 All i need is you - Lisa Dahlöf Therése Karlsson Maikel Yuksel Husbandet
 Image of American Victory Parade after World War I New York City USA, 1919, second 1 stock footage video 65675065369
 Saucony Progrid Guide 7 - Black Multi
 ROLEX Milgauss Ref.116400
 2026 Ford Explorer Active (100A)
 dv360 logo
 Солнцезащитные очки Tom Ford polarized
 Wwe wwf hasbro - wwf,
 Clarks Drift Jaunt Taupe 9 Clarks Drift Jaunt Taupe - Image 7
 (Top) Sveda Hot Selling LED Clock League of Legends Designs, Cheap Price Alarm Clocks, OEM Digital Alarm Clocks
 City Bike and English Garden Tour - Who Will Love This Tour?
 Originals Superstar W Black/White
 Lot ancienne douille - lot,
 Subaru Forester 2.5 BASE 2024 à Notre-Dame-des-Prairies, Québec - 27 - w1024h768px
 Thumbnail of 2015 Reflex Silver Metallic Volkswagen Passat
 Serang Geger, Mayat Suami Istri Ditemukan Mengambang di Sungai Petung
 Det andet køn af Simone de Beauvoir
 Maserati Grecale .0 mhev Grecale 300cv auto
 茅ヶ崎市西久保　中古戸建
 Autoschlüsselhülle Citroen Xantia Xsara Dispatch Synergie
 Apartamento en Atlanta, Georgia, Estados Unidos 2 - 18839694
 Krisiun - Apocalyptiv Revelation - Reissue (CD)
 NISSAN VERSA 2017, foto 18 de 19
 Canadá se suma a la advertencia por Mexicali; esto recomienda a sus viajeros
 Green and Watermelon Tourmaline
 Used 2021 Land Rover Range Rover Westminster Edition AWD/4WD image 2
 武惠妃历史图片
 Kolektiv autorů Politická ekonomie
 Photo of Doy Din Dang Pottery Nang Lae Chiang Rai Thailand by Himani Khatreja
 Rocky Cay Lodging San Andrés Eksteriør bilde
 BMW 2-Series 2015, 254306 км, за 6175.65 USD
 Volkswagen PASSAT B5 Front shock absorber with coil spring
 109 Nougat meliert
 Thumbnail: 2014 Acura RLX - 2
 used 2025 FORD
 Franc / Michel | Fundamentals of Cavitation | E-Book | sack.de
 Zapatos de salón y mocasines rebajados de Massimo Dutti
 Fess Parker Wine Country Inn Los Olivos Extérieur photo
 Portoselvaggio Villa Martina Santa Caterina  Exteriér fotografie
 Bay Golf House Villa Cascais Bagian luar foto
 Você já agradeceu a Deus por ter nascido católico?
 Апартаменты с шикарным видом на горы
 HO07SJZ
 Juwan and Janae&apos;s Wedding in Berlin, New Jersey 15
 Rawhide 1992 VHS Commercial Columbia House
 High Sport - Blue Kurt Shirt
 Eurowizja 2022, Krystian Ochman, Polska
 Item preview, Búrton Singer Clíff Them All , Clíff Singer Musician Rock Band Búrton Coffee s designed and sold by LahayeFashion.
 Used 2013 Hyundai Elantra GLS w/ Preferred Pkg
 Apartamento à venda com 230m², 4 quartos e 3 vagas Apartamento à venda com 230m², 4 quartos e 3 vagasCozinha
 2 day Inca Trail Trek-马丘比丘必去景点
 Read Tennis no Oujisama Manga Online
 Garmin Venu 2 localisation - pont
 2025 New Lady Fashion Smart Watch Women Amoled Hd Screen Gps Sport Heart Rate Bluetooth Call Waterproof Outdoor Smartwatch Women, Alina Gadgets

== == ==

What is needed:
Please output the lines of the listing above that fall in the stretch from the one with "Portoselvaggio Villa Martina" through the one with "Eurowizja 2022, Krystian Ochman, Polska", exactly and only those.

Exercise answer:
 Portoselvaggio Villa Martina Santa Caterina  Exteriér fotografie
 Bay Golf House Villa Cascais Bagian luar foto
 Você já agradeceu a Deus por ter nascido católico?
 Апартаменты с шикарным видом на горы
 HO07SJZ
 Juwan and Janae&apos;s Wedding in Berlin, New Jersey 15
 Rawhide 1992 VHS Commercial Columbia House
 High Sport - Blue Kurt Shirt
 Eurowizja 2022, Krystian Ochman, Polska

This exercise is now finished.